Spark Versus Flink: Understanding Performance in Big Data Analytics Frameworks

Notes from the whitepaper "Spark Versus Flink: Understanding Performance in Big Data Analytics Frameworks".

On how the core innovation of Spark — RDDs — actually contribute to an improvement over Hadoop/MapReduce:

Resilient Distributed Datasets (RDDs), a set of in-memory data structures able to cache intermediate data across a set of nodes, in order to efficiently support iterative algorithms.

On RDD data provenance:

Spark is built on top of RDDs (read-only, resilient collections of objects partitioned across multiple nodes) that hold provenance information (referred to as lineage) and can be rebuilt in case of failures by partial recomputation from ancestor RDDs.

On configuring task parallelism (for a given workload):

Spark’s default parallelism parameter (spark.def.parallelism) refers to the default number of partitions in the RDDs returned by various transformations

Flink’s default parallelism parameter (flink.def.parallelism) allows to use all the available execution resources

in Flink the partitioning of data is hidden from the user

On shuffle tuning:

The default buffer size is pre-configured in both frameworks to 32 KB, but it can be increased on systems with more memory, leading to less spilling to disk and better results.

On configuration for performance tuning and fault tolerance:

Spark needs a careful parameter configuration (for parallelism, partitions etc.), which is highly dependent on the dataset, in order to obtain an optimal performance. In Flink’s case, one needs to make sure that enough memory is allocated so that its CoGroup operator that builds the solution set in memory could be successfully executed.
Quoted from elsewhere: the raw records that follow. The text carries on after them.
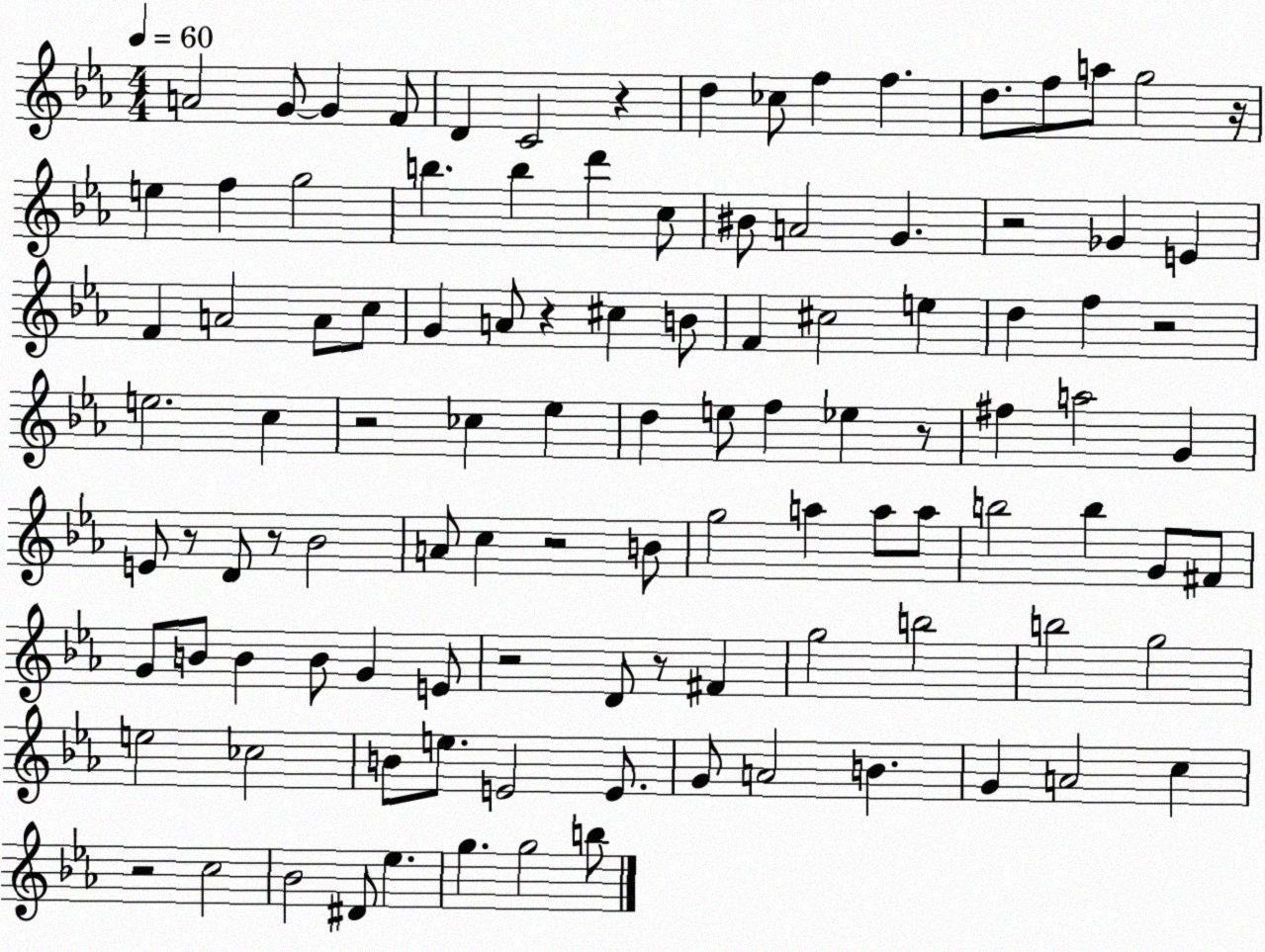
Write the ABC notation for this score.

X:1
T:Untitled
M:4/4
L:1/4
K:Eb
A2 G/2 G F/2 D C2 z d _c/2 f f d/2 f/2 a/2 g2 z/4 e f g2 b b d' c/2 ^B/2 A2 G z2 _G E F A2 A/2 c/2 G A/2 z ^c B/2 F ^c2 e d f z2 e2 c z2 _c _e d e/2 f _e z/2 ^f a2 G E/2 z/2 D/2 z/2 _B2 A/2 c z2 B/2 g2 a a/2 a/2 b2 b G/2 ^F/2 G/2 B/2 B B/2 G E/2 z2 D/2 z/2 ^F g2 b2 b2 g2 e2 _c2 B/2 e/2 E2 E/2 G/2 A2 B G A2 c z2 c2 _B2 ^D/2 _e g g2 b/2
On operationalizing these engines:

While extensive research efforts have been dedicated to optimize the execution of MapReduce based frameworks, there has been relatively less progress on identifying, analyzing and understanding the performance issues of more recent data analytics frameworks like Spark and Flink.
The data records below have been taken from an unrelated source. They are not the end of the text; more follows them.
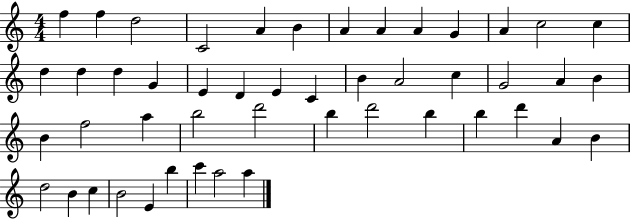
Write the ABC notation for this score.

X:1
T:Untitled
M:4/4
L:1/4
K:C
f f d2 C2 A B A A A G A c2 c d d d G E D E C B A2 c G2 A B B f2 a b2 d'2 b d'2 b b d' A B d2 B c B2 E b c' a2 a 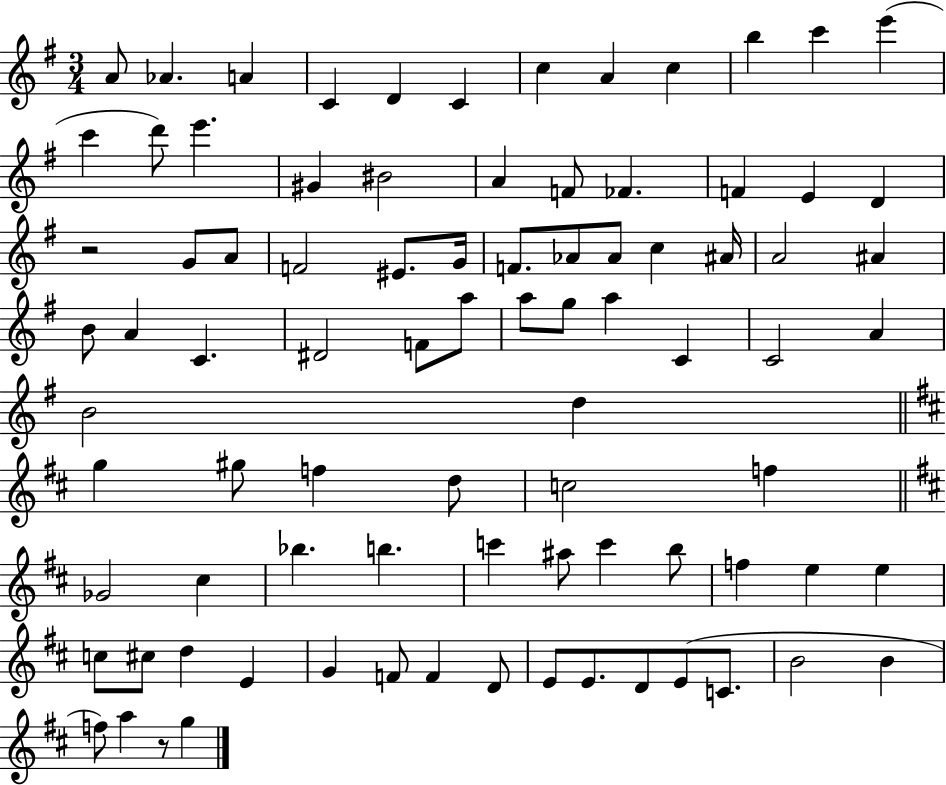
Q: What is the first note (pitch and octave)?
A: A4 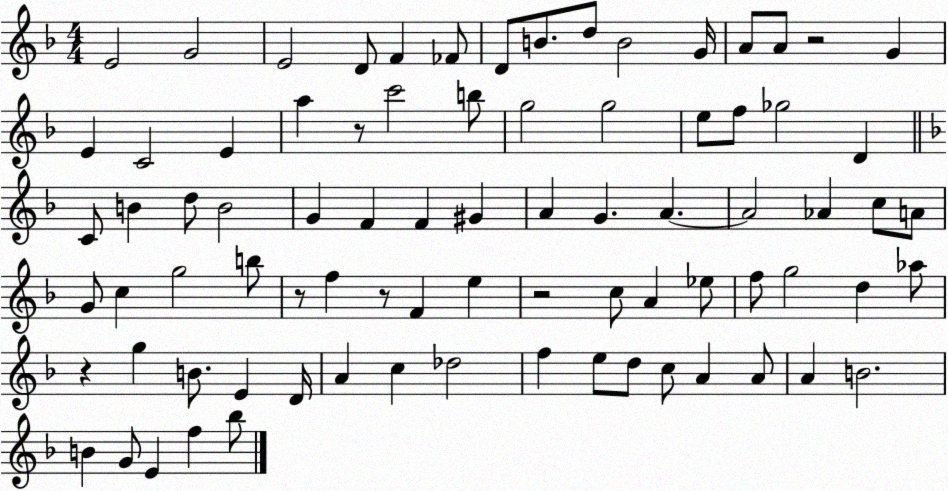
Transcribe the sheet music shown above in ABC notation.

X:1
T:Untitled
M:4/4
L:1/4
K:F
E2 G2 E2 D/2 F _F/2 D/2 B/2 d/2 B2 G/4 A/2 A/2 z2 G E C2 E a z/2 c'2 b/2 g2 g2 e/2 f/2 _g2 D C/2 B d/2 B2 G F F ^G A G A A2 _A c/2 A/2 G/2 c g2 b/2 z/2 f z/2 F e z2 c/2 A _e/2 f/2 g2 d _a/2 z g B/2 E D/4 A c _d2 f e/2 d/2 c/2 A A/2 A B2 B G/2 E f _b/2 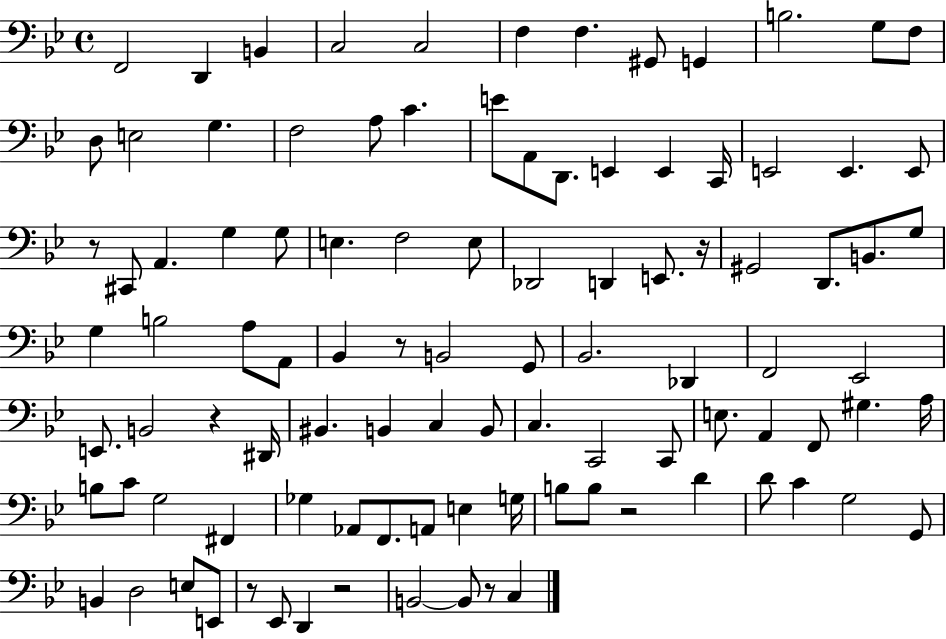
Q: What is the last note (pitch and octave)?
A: C3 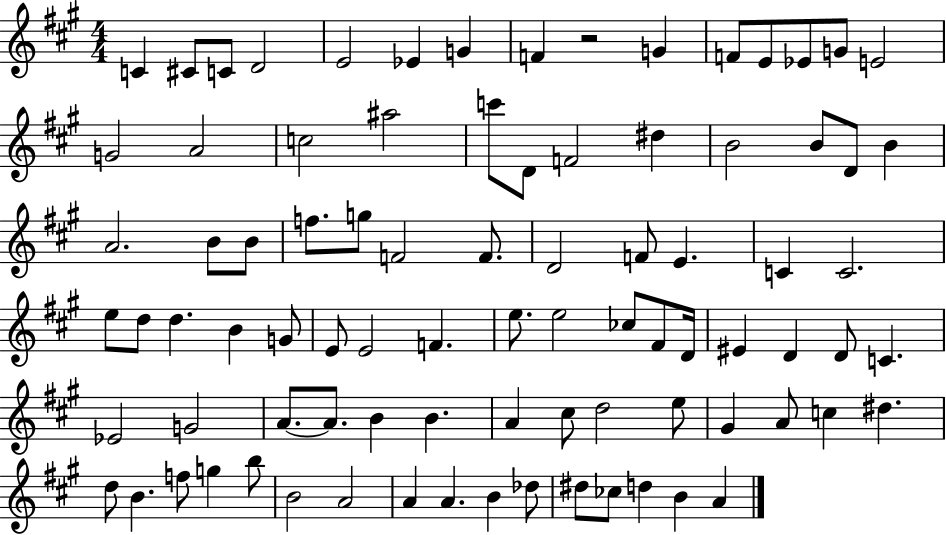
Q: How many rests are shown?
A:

On performance evaluation:

Overall, most of the previous work typically focuses on some specific low-level issues of big data frameworks that are not necessarily well correlated with the higher level design. It is precisely this gap that we aim to address in this work by linking bottlenecks observed through parameter configuration and low level resource utilization with high-level behavior in order to better understand performance.
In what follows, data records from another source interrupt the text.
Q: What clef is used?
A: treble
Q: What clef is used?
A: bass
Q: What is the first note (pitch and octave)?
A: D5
On separating pipeline models from engines:

Identifying and understanding the impact of the different architectural components and parameter settings on the resource usage and, ultimately, on performance, could trigger a new wave of research on data analytics frameworks. Apache Beam [47] is such an example, proposing a unified framework based on the Dataflow model [48], that can be used to execute data processing pipelines on separated distributed engines like Spark and Flink.